Конечно, советские шахматы были только крошечным сколком системы, но при более глубоком рассмотрении в этом сколке обнаруживается огромный слой с собственной спецификой, яркими характерами, необычными личностями, триумфами и трагедиями, отголоски которых слышны до сих пор.
В то несвободное время, переносясь в другой мир, человек чувствовал себя свободным хотя бы на те несколько часов, пока сидел за шахматным столом. Это была область, где не только игроки на сцене, но и зрители, шепотом обсуждавшие ходы маэстро, были вольны в своих суждениях и оценках. У них не было никакой цели, к которой призывало всё в реальном мире, ничего, кроме доказательства правоты идей, воплощавшихся в передвижении фигур на шестидесяти четырех квадратах доски.
Тысячи людей безбедно жили, не будучи гроссмейстерами или мастерами, но просто находясь при шахматах в качестве тренеров, заведующих клубами, инструкторов, методистов, судей и представителей еще бог знает каких синекурных должностей, возможных только в государстве, являющемся единственным работодателем и очень заботящемся о своем имидже.
Будучи невероятно популярными и являясь коллективной отдушиной, шахматы захватили немалую часть закрытого советского общества, и обломки навсегда ушедшей под воду Атлантиды только напоминают: та Атлантида действительно существовала.

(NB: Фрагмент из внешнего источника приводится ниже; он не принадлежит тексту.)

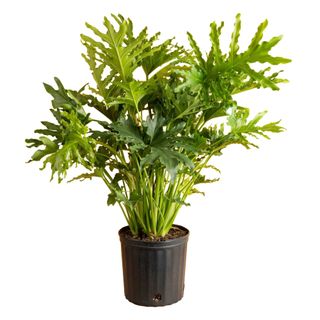 A Philodendron Selloum houseplant in a black plastic pot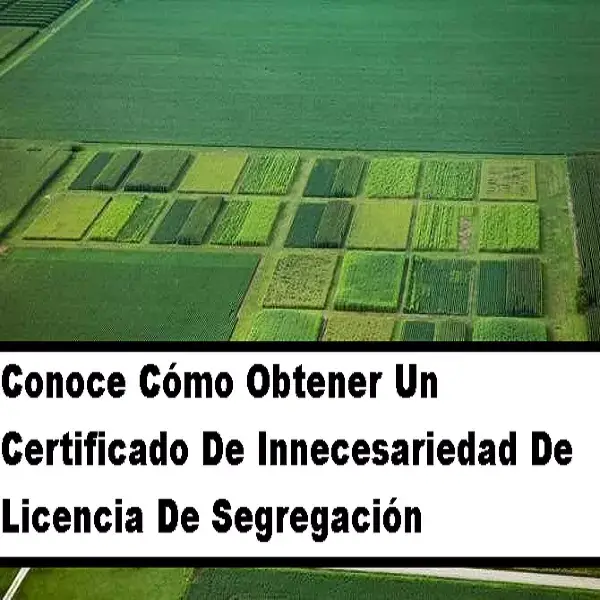 certificado de innecesariedad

Уинстон Черчилль сказал как-то, что книга нередко начинается как забава, потом становится любовницей, женой, хозяином. Наконец – тираном.
Отправившись на раскопки того времени с целью обнаружения подлинного Бронштейна, я прошел все эти стадии. Сначала я полагал, что уложусь в месячную экспедицию, пока вдруг не заметил, что тема наполняется все новыми и новыми аспектами, и я оказался привязанным к ней на годы.
В процессе работы образ перерастал замысел, он просто увеличивался на глазах. Исследование из зарисовки превратилось в статью, потом в эссе, пока я не обнаружил, что написал книгу.
Фигура Давида Ионовича Бронштейна оказалась столь любопытна, а его мысли представляли настолько причудливый конгломерат выдающегося таланта, абсурда, оригинальных идей и восхитительного безумия, что, дабы не заблудиться в их калейдоскопическом блеске, я решил придерживаться хронологической канвы.
* * *Когда китайские императоры хотели оказать человеку честь, пожаловав ему знатный титул, они даровали почетное звание его предкам до определенного колена. Китайцы верили, что выдающийся человек накапливал в себе черты предков, которым, как они полагали, он и обязан собственным талантом.
Книгу «Ученик чародея» Давид Ионович Бронштейн посвятил своим родителям Эстер-Малке Дувыд Аптекарь и Иохонону Берко Бронштейну, подчеркнув полным разворотом имен, полученных ими при рождении, национальность отца и матери.
Иохонон Бронштейн, родившийся в украинской деревне Ротмистровка, всегда интересовался политикой и стал членом Бунда – Всеобщего еврейского рабочего союза в России, организации, близкой к меньшевикам.